Argentina’s new president-elect, Javier Milei, met officials from President Joe Biden’s administration in Washington last week. Having campaigned as a Trump-style scourge of the elite, who sees climate change as a “socialist lie,” he said closer alignment with the U.S. will shape his foreign policy and that he was “very comfortable” with the way the talks had gone. This does little to dispel uncertainty over what lies ahead for his country.
Certainly Milei will need U.S. support when it comes to restructuring the country’s debt to the International Monetary Fund, to say nothing of his election promise to close the central bank and dollarize the economy. But Milei’s ambitions don’t stop there. To repair Argentina’s economy, this tear-it-all-down insurgent has also pledged to slash government spending and dismantle the country’s public sector.
Argentina’s economic plight is extreme, and bold measures will be needed to put things right. Initially, at least, the country’s investors celebrated his success. But Milei still conveys little sense of understanding what’s required.
In principle, his plan to dollarize the economy isn’t crazy. For years, Argentina’s central bank has validated the government’s fiscal incontinence by printing money and fueling inflation. Abandoning the peso and adopting the dollar would stop that. But dollarization requires adequate holdings of dollars. Argentina’s foreign-exchange reserves have been run down to nothing, and foreign lenders won’t be rushing to help.
Even if Milei’s government could conjure the necessary balances, ruling out monetary expansion wouldn’t by itself make the country’s existing debts any more sustainable. Those issues have to be directly addressed, by cutting public spending and raising taxes. If they aren’t, instead of leading to hyperinflation, continuing fiscal excess will only drive the country all the faster to debt default and a brutal economic slump.
To be sure, Milei has emphasized the need to curb spending. He’ll shrink the state by 15% of gross domestic product, he says. But he’s led voters to think that cuts of this size can be achieved mostly by being mean to government bureaucrats (a popular promise, and not just in Argentina) rather than by cutting transfer payments and slashing public services. As an avowed anarcho-capitalist, he sees no role for higher taxes in restoring fiscal discipline. His campaign, in other words, has done little to prepare the country for the changes it will need to endure.

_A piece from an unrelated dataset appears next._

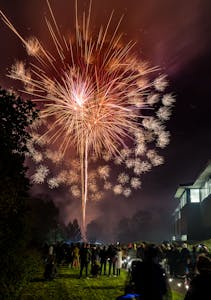 Building 4, Croxley Park, Watford, Office To Let - Fireworks 2021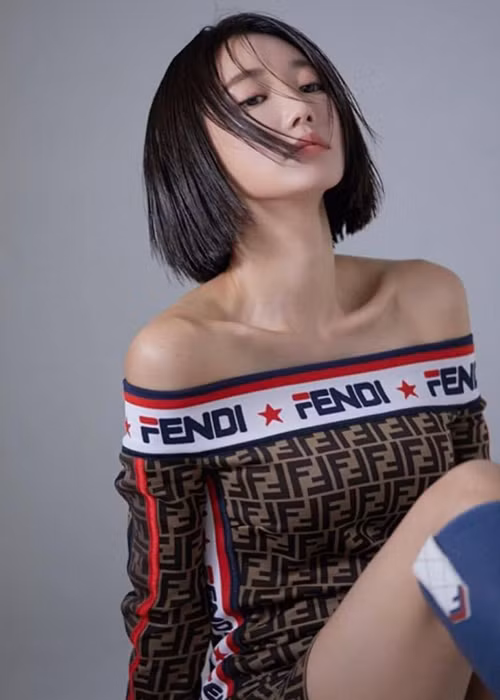 Dù phủ nhận tin đồn là gái gọi của Seungri nhưng Go Joon Hee vẫn trở thành đề tài bàn tán của dư luận khiến cô phải mạnh tay với những người tung tin đồn.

Perhaps, having succeeded against the odds in winning the presidency, Milei can now pivot toward a plan for actually fixing the economy. After succeeding in August’s primary election, he did moderate his rhetoric on social issues a touch, backing away from previous calls to privatize health services, allow the sale of human organs and abolish controls on firearms. And all of a sudden, he’s a bit more cautious about “blowing up” the central bank. But the president-elect still lacks a workable plan for economic reform.
Argentina voted less for workable solutions than to voice disgust at government as usual — a protest that might seem familiar elsewhere. The country’s voters are right to be angry. But unless Milei turns into a different politician, they’re likely to be disappointed again.